No. I would agree with the basic premise that government decisions have saved tens of thousands of lives and quite probably hundreds of thousands of lives. If we were to analyse these decisions and say could more lives have been saved then the answer is probably yes.

For example a policy in the first week of closing all borders and shooting anyone who either had the virus or came into contact with them (probably the Chinese approach) then we’d have looked like world beaters. Crazy policy which the government clearly decided against so I guess that’s blood on their hands. Flippant example but was used for the purposes of the fallacy of criticising decisions based on what ifs and (whether subconsciously) applying hindsight.
 
We didn’t do those things though. You expressed the view that people have died as a result of the government’s incompetence, I’m asking for your opinion as to how many it is. It’s not rocket science, it’s just your opinion.
It might not be rocket science, but it's certainly epidemiology and medical science which I'm about as qualified in as rocket science! I sense you are trying to have an argument that I'm just not qualified to engage in. I'm not ducking the issue, or being pro-government, I just don't know the answer.
 
Ha ha ha

Coffey on GMB blames the public's age and obesity on the high COVID death rate rather than the inaction of her government and when called out on it, and morgan repeats her words that she blames us for being too old or too fat, accuses him of being offensive,
Then when called out on her hipocracy fumbles around for 5 mins trying to end the Zoom call.

Absolutely clownshoe
Median age UK around 40
Median age NZ around 37

Amount of people in UK classed as obese 28%
Amount of people in NZ classed as obese 32%

UK deaths 97.939
NZ deaths 25

Therese Coffey = brains of a bar stool

The one thing Coffey did prove is that if you wait long enough you will always find a Tory that is more stupid than the last one.
 
No I wouldn’t say it is fair.

It’s incredibly difficult to put a figure on what is the government’s fault, what is the fault of individuals in the public, and how the variant as expedited our death figures etc.

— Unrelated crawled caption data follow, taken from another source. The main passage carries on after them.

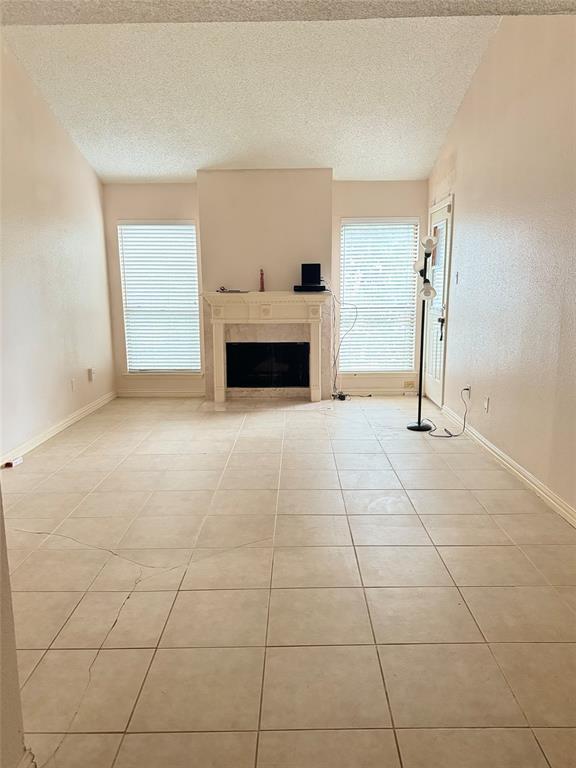 a view of empty room with a fireplace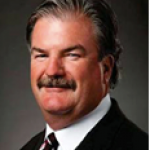 daniel mc An adult wears a suit in front of a grey background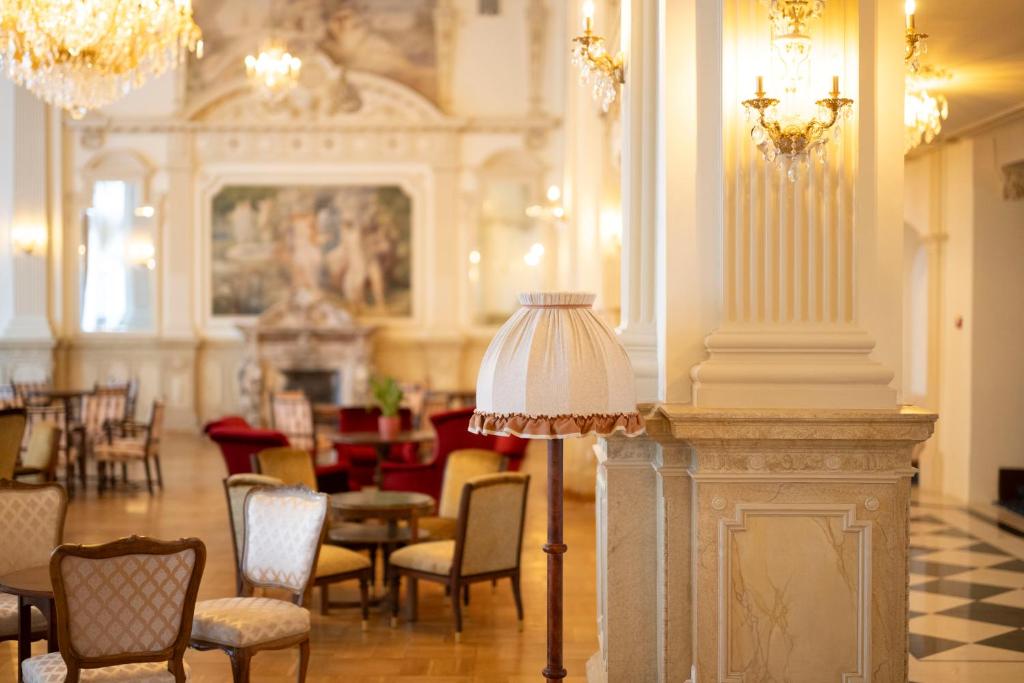 施库尔Scuol Palace Bed & Breakfast的配有椅子、桌子和台灯的房间
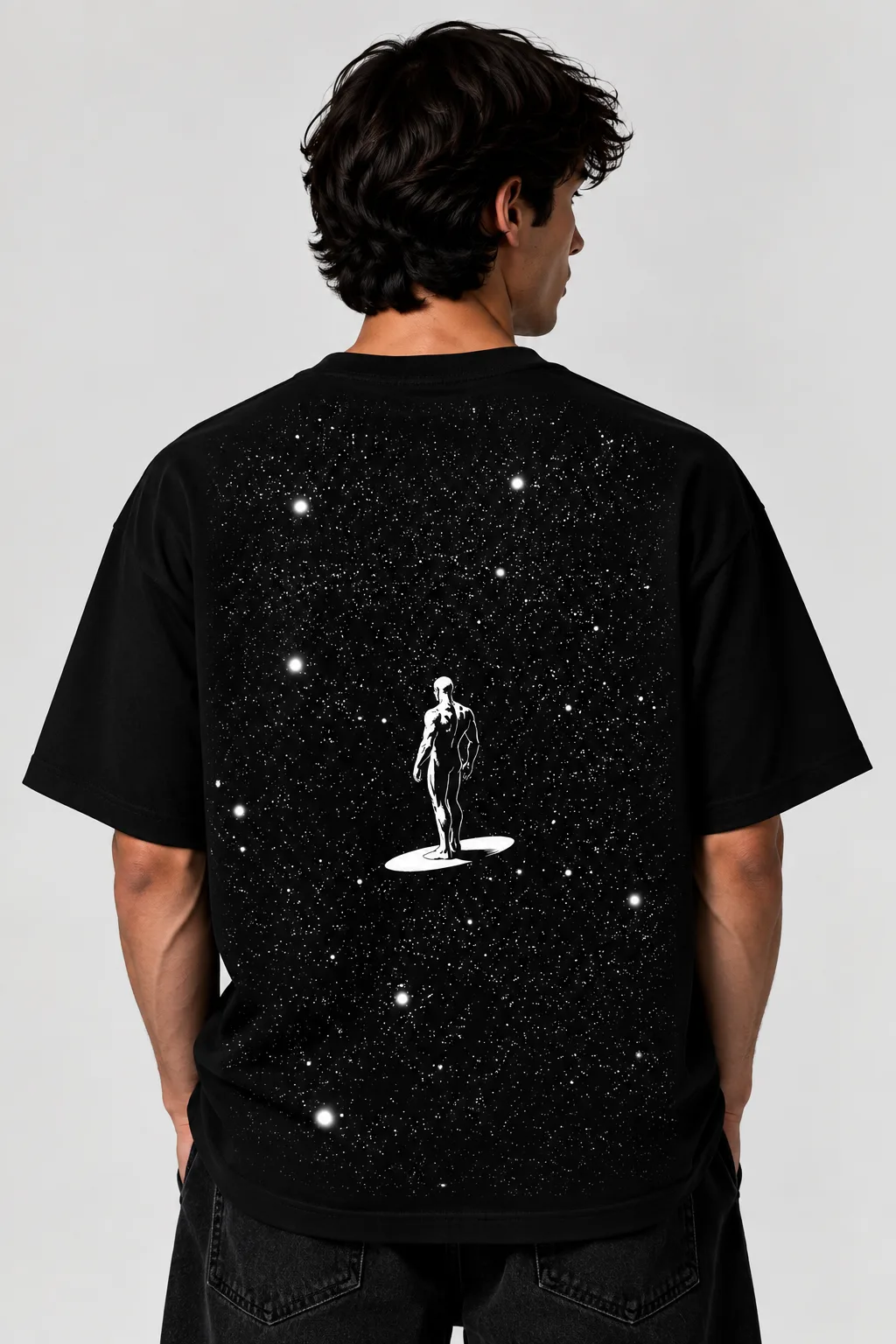 Black oversized T-shirt worn by a male model, featuring a white starfield design with a human figure on the back.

There are too many mitigating factors, so whilst I am sure if they had done some things differently, lives would have been saved, it’s impossible to know if they were directly at fault for specific numbers of deaths. This is even considering the advice they initially followed in March last year.

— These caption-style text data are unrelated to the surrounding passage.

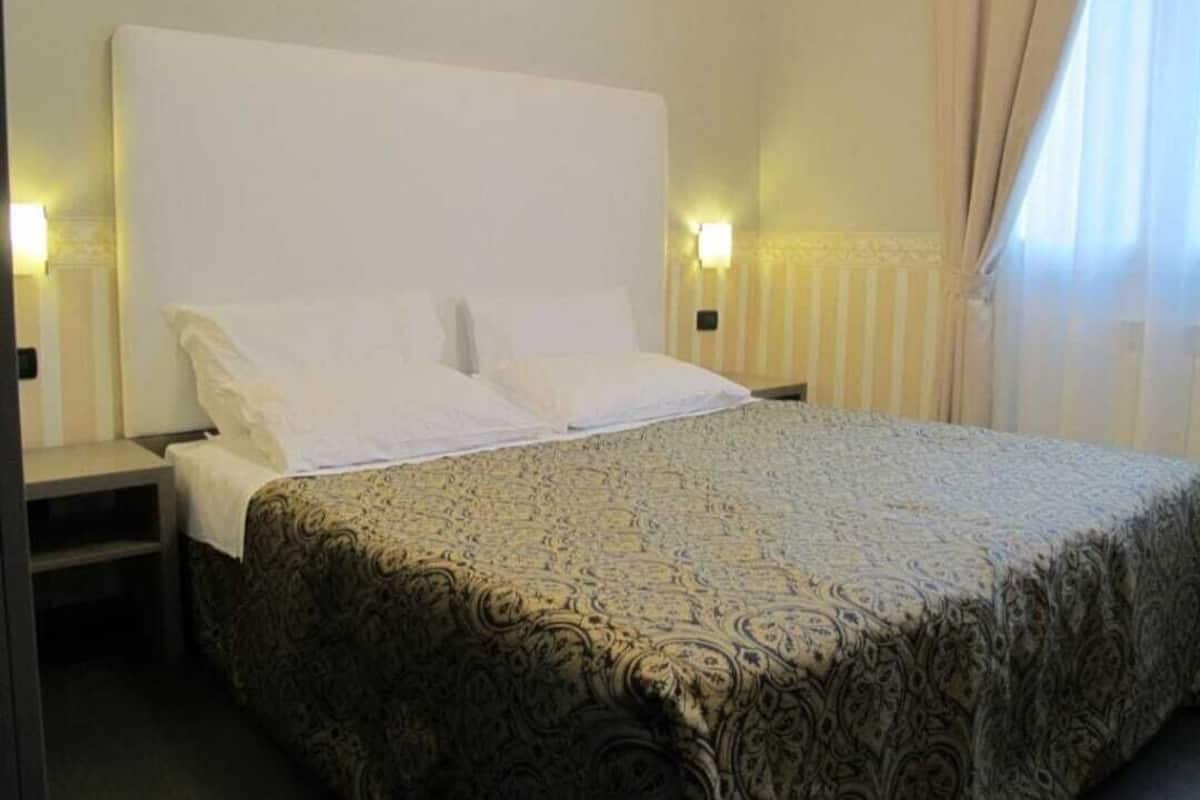 A hotel room with a large bed, two bedside tables, and a nightstand.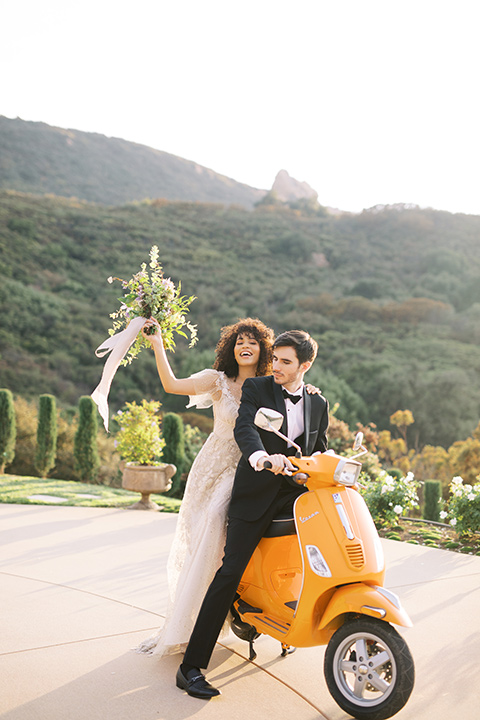  classic black tie wedding at the stone mountain estate – couple on vespa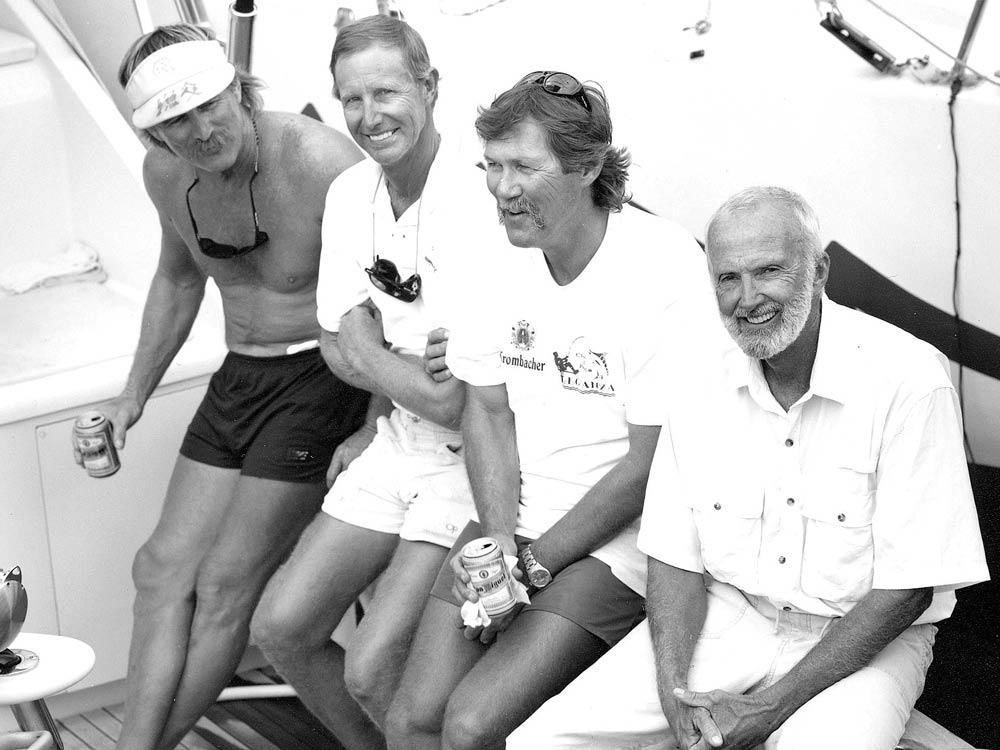 black and white image of boat captain and crew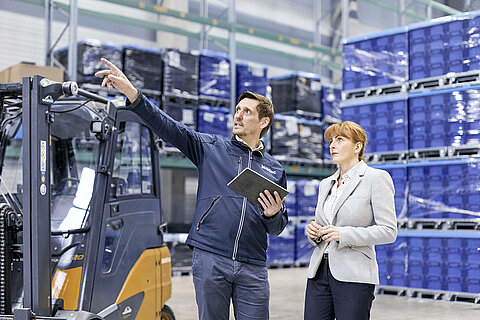 A Leadec employee with a tablet is showing something to a customer in a warehouse.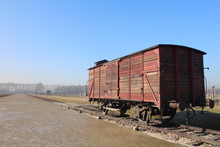 Old Abandoned Freight Train Car On Track Against Blue Sky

I understand those difficulties.

You’ve accepted that there have been deaths that are attributable to government incompetence. All I’m asking for is your opinion as to how many. You have accepted that you have an opinion, I’m curious as to what it is.
 
It might not be rocket science, but it's certainly epidemiology and medical science which I'm about as qualified in as rocket science! I sense you are trying to have an argument that I'm just not qualified to engage in. I'm not ducking the issue, or being pro-government, I just don't know the answer.

I didn’t suggest you were qualified to give an expert opinion, Im just interested in what your personal opinion is.
 
No. I would agree with the basic premise that government decisions have saved tens of thousands of lives and quite probably hundreds of thousands of lives. If we were to analyse these decisions and say could more lives have been saved then the answer is probably yes.

For example a policy in the first week of closing all borders and shooting anyone who either had the virus or came into contact with them (probably the Chinese approach) then we’d have looked like world beaters. Crazy policy which the government clearly decided against so I guess that’s blood on their hands. Flippant example but was used for the purposes of the fallacy of criticising decisions based on what ifs and (whether subconsciously) applying hindsight.


Then your argument is with Ban and Mazz, who do, so I’ll let you discuss it with them. I was interested in your opinion, if you held the contrary view, in how many. Since you don’t it’s rather a moot point.